Dataset extract START

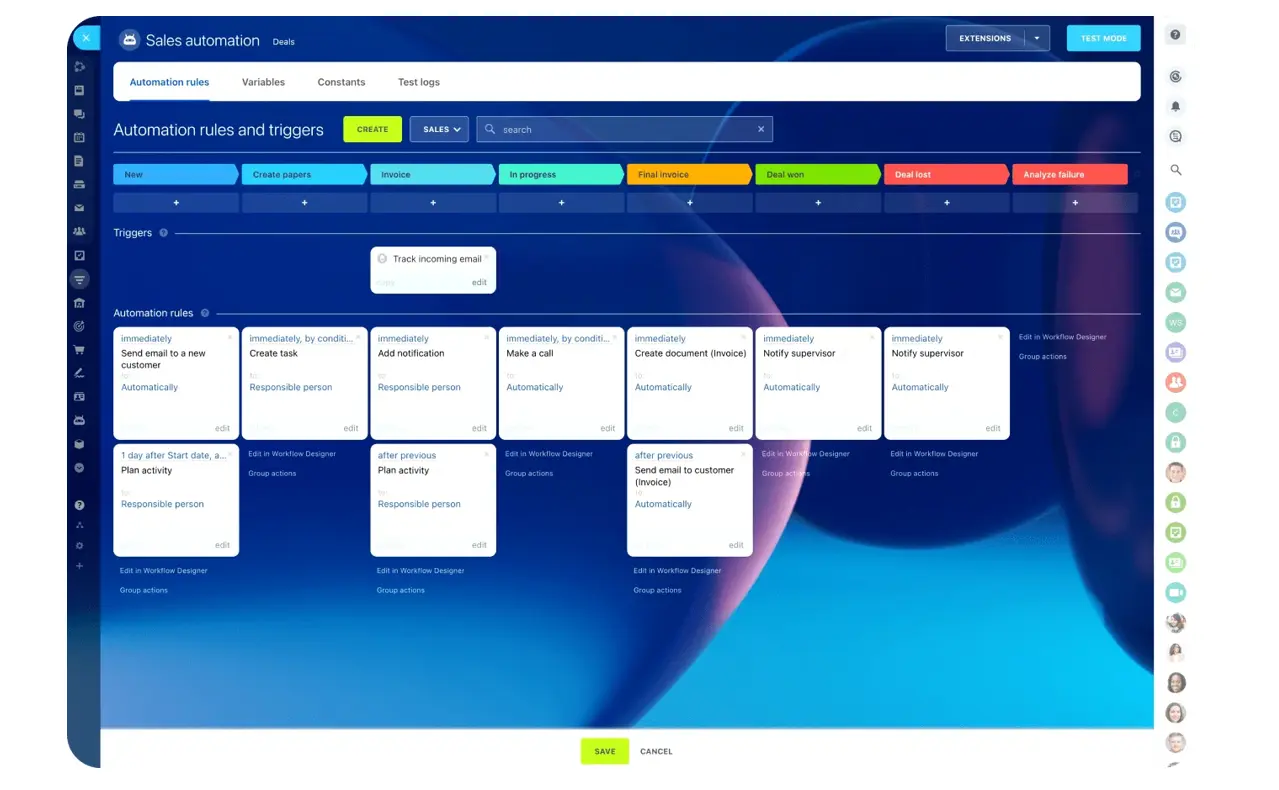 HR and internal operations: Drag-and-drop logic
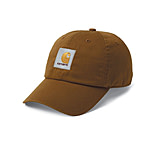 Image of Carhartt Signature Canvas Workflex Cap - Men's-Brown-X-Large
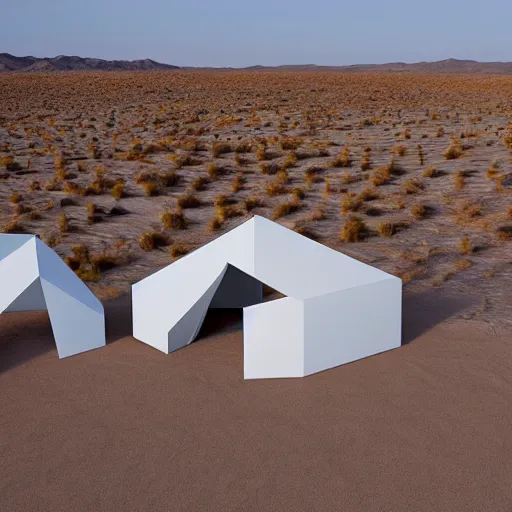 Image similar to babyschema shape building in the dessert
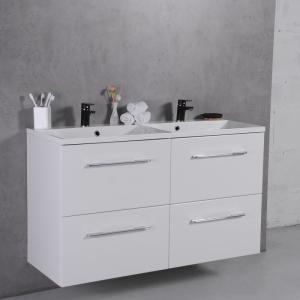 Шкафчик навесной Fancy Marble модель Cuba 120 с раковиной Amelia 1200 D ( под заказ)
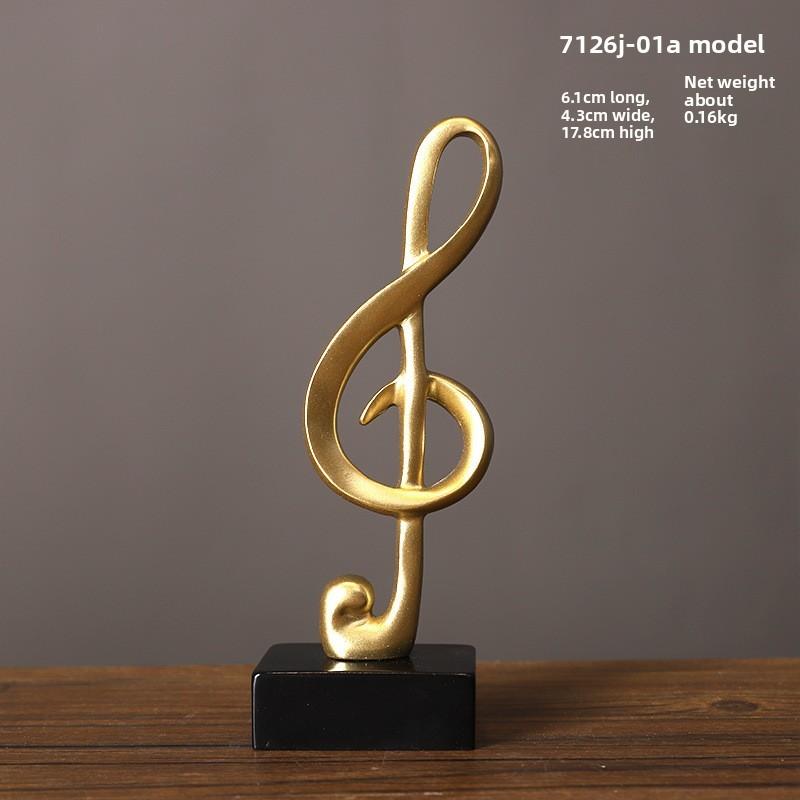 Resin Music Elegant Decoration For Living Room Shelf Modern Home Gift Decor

Dataset extract END

# To do:
Starting at the line that contains "Image similar to", reproduce exactly and only the lines through the end of the entries above, with the pictures excluded.

# Finished task:
 Image similar to babyschema shape building in the dessert
 Шкафчик навесной Fancy Marble модель Cuba 120 с раковиной Amelia 1200 D ( под заказ)
 Resin Music Elegant Decoration For Living Room Shelf Modern Home Gift Decor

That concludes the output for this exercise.